サッカー日本代表PRESSBACK NUMBER
久保建英、だけじゃない日本の論点。
“変則招集”を将来に繋げるために。
posted2019/05/28 11:00
text by
戸塚啓Kei Totsuka
photograph by
AFLO
キリンチャレンジカップ(KCC)とコパ・アメリカ(南米選手権)に挑む日本代表の6月シリーズで、最重要人物と目されるのは久保建英である。
所属するFC東京で周囲を納得させてきた彼にとって、今回の招集は日本代表に定着できるかどうかのサバイバルだ。

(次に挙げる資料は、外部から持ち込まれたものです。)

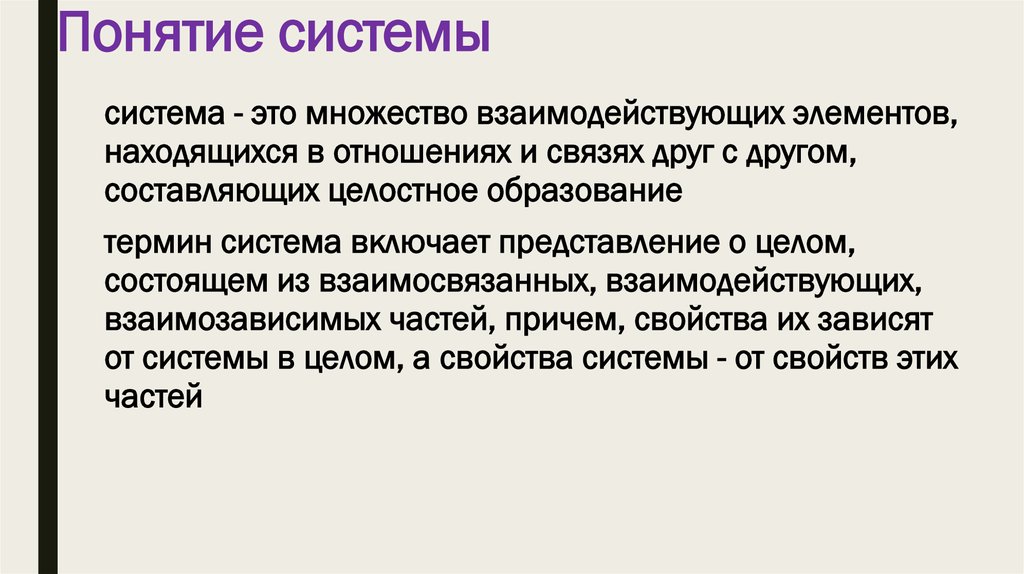 Система это целое состоящее. Понятие системы. Понятие система презентация. Система термин. Система как понятие.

6月5日にトリニダード・トバゴと、9日にエルサルバドルと対戦する日本代表は、森保一監督の就任とともに構築されてきたチームの延長線上にある。3月以来の活動の主眼は、9月開幕予定のカタールW杯予選へ向けた強化だ。
コパ・アメリカのチームは、まったく異なる性格を帯びる。アジアサッカー連盟ではなく南米連盟主催の公式戦であり、国際Aマッチウィークに開催されないこの大会は、日本サッカー協会がクラブに優先して選手の拘束力を持てない。国内のJ1リーグも中断されない。
勝利を目指すメンバー構成ではない。
選手の招集に様々なハードルがあるなかで、森保監督は東京五輪世代を主体としたチーム編成に着地した。直前の2試合でロシアW杯以来の代表復帰を果たす川島永嗣と岡崎慎司に加え、植田直通、冨安健洋、柴崎岳、中島翔哉がKCCに続いて選出されているが、コパ・アメリカのメンバーには初代表の選手が13人も含まれる。
KCCで初めて日本代表に合流する大迫敬介、中山雄太、久保も、現時点では国際Aマッチ出場がない。昨年のテストマッチで招集を受けた伊藤達哉も、日本代表のピッチは未体験だ。

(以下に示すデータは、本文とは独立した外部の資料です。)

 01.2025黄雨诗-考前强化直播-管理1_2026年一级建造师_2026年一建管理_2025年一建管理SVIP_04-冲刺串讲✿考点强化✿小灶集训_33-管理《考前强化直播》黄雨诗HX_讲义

コパ・アメリカのホストを務めるブラジルは、ネイマールを筆頭にベストと言っていいセレクトをしている。アルゼンチンもリオネル・メッシがチームをけん引する。ウルグアイやチリも、主力を送り込んでくるだろう。
母国の威信を賭けた戦いでは、剥き出しの闘志がぶつかり合う。出場するすべての国は、アジアへ遠征して行うテストマッチとまったく違う表情を見せる。
海外組を交えたフルメンバーで参加しても、日本は苦戦は免れない。ウルグアイ、チリ、エクアドルとのグループリーグで、勝点1でもつかめたら評価できる大会である。川島、岡崎、柴崎らの経験者が支えになるとしても、東京五輪世代を大量招集した編成で勝利は望めない。